Sinceramente, visto che la maggior parte o non lavorava o non guadagnava abbastanza, tutti erano convinti che dovevano guadagnare di più.
Un incubo, insomma. Stranamente reale.

L’inizio: ieri ed oggi

Si è detto, a lungo, che la mia era una generazione fortunata.
Ieri si affermava che grazie al sacrificio dei “padri” (da intendere come nonni), vivevamo in una democrazia e che non avremmo conosciuto la guerra e la fame.
Ieri si affermava anche che grazie all’Europa Unita, sempre creata dai “padri” (qui un po’ padri un po’ nonni), non avremmo conosciuto la guerra tra i popoli europei.
Ieri si affermava che l’euro ci avrebbe tenuto indenne dalle turbolenze economiche internazionali e che se non fossimo entrati nell’euro saremmo finiti come l’Argentina.
Ed oggi pare che i “padri” avessero sbagliato, facendo danni maggiori persino di quelli che avrebbero arrecato se, volontariamente, avessero voluto realizzarli.
Oggi non si dice più che la mia è una generazione fortunata.
Oggi, coloro che appartengono alla mia generazione sanno di essere “gli sfortunati”, quelli che oggi sono, ancora, mantenuti dai “padri” e domani saranno mantenuti dai “figli”.
Oggi la mia generazione è quella degli “inutili”. Una fastidiosa via di mezzo che politica e potentati economici volentieri eliminerebbero fisicamente, se solo potessero.
Oggi noi non siamo il futuro ma non siamo neanche il passato.
Ed, oggi, viviamo in un Paese che viene costretto a consegnarsi alle banche, allo stesso modo in cui un’impresa ancora forte, solida, solvibile e ben lontana dal fallimento viene costretta – per qualche assurdo ed egoistico motivo – dal proprio consiglio di amministrazione a portare i libri in tribunale anziché continuare la propria attività.
Oggi stiamo diventando numeri su di un libro contabile.
Oggi possiamo farci cancellare strappando una pagina o utilizzando un gomma o una penna rossa.

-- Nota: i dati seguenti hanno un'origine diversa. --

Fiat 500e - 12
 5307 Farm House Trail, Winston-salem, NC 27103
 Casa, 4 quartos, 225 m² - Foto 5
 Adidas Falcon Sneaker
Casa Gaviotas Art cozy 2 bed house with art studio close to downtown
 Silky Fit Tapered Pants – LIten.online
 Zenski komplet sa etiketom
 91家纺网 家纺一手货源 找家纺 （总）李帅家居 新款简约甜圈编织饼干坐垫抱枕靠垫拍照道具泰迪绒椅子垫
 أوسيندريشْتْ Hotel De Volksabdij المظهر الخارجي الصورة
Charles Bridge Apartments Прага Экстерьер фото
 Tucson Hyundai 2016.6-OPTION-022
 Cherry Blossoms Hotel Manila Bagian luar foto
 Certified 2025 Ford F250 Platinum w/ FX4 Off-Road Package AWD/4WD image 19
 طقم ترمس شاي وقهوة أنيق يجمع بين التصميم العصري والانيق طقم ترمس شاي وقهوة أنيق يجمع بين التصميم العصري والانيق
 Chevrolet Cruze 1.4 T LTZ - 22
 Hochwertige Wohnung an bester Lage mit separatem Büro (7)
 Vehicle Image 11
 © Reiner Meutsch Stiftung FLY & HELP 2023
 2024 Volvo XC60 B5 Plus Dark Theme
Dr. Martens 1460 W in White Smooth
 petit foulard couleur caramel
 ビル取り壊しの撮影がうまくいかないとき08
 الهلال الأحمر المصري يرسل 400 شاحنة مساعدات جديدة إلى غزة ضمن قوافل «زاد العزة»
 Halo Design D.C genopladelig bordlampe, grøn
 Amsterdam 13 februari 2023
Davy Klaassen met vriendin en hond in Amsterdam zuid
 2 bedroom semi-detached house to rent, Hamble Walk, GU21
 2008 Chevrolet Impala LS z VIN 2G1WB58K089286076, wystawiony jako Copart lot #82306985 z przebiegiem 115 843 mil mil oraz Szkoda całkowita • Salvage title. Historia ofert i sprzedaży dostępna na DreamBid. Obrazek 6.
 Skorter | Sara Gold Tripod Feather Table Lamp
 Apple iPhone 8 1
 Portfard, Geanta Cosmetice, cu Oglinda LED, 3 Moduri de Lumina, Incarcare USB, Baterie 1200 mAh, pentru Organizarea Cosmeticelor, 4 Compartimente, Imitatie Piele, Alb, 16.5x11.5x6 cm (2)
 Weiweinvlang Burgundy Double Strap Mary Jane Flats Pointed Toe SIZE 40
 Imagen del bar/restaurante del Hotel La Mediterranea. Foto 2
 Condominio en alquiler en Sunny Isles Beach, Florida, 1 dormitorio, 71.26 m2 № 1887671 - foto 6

Io, oggi, decido che non voglio essere una voce contabile, un piccolo problema che deve essere eliminato perchè non fa corrispondere i totali: quelli reali e quelli che le banche vogliono, invece, veder risultare.
E’ così evidente: ciò che sta  per accadere, nel concreto, assumerà caratteristiche lontane da qualsiasi forma di eguaglianza, sostanziale e formale, da qualsiasi criterio di proporzionalità, da ogni possibilità di giustizia.
L’oscuro Ordine tecnocratico, una sorta di tirannide – questa volta reale – in cui i cittadini obbediranno silenziosi, senza poter discutere.

Da oggi sarò pensieri e parole, contro chi mi vuol fare essere un semplice, inutile, fastidioso e silenzioso numero.